╔══
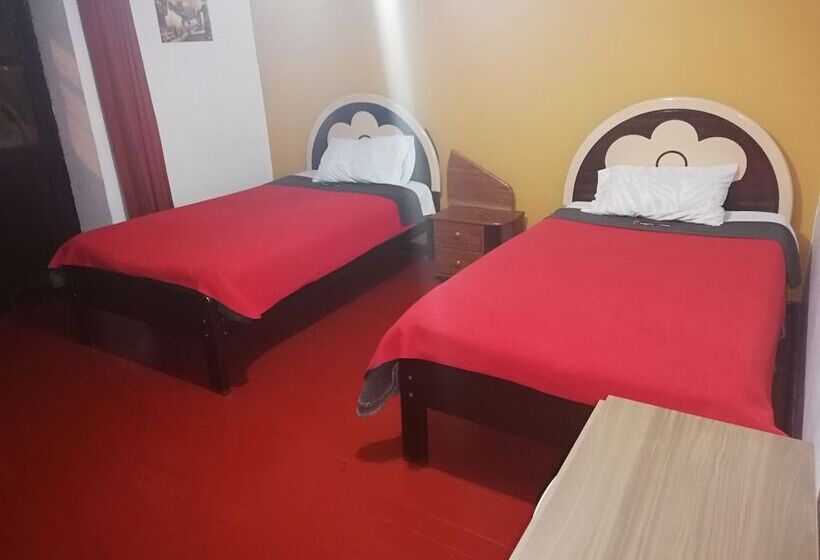 Bed and Breakfast Gringo´s House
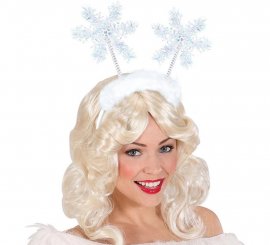 Bandeau flocon de neige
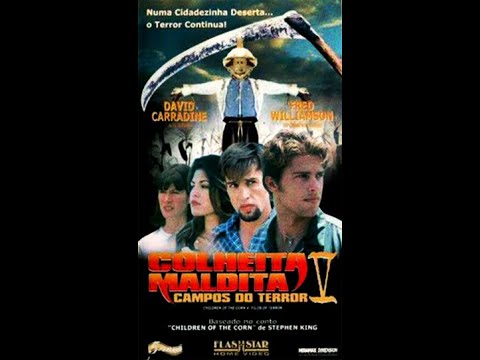 1998 Colheita Maldita 5 - Campos do Terror (Dublado)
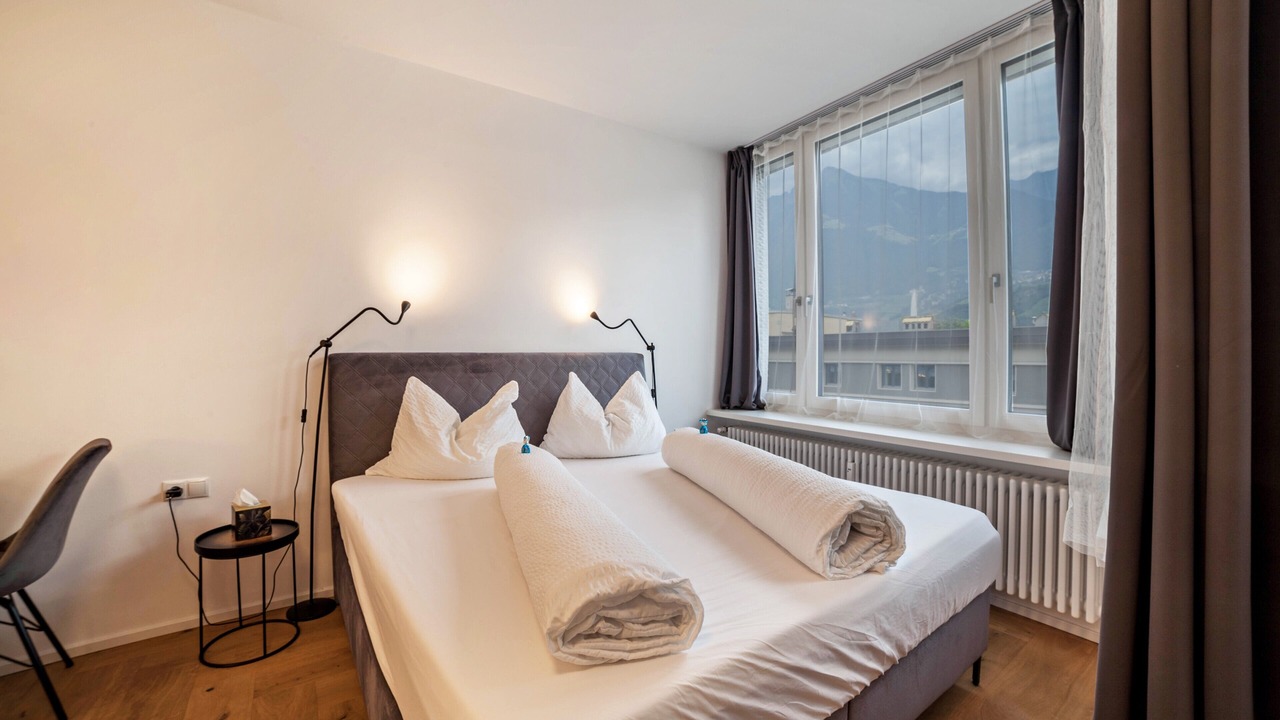 Photo of Bedroom in Merano Historic Center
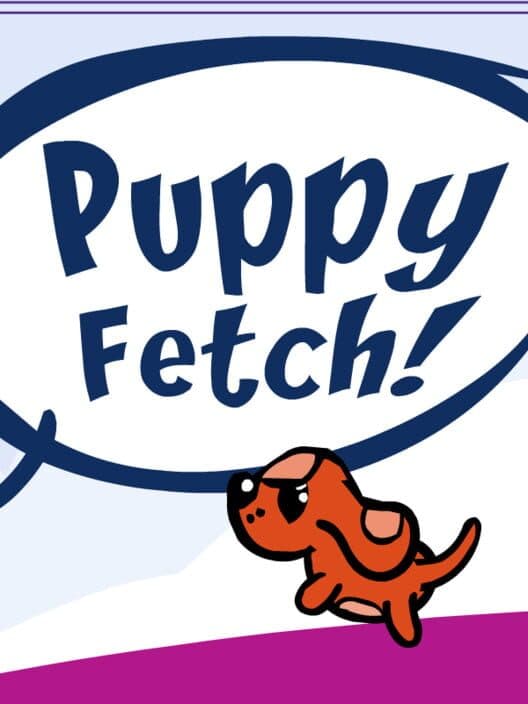 Puppy Fetch! cover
╚══
▸ **Problem to solve**
What must be output is the exact run of lines from the one holding "Bandeau flocon de neige" through the end of the entries above, both ends included, minus the pictures.

▸ **Exercise result**
 Bandeau flocon de neige
 1998 Colheita Maldita 5 - Campos do Terror (Dublado)
 Photo of Bedroom in Merano Historic Center
 Puppy Fetch! cover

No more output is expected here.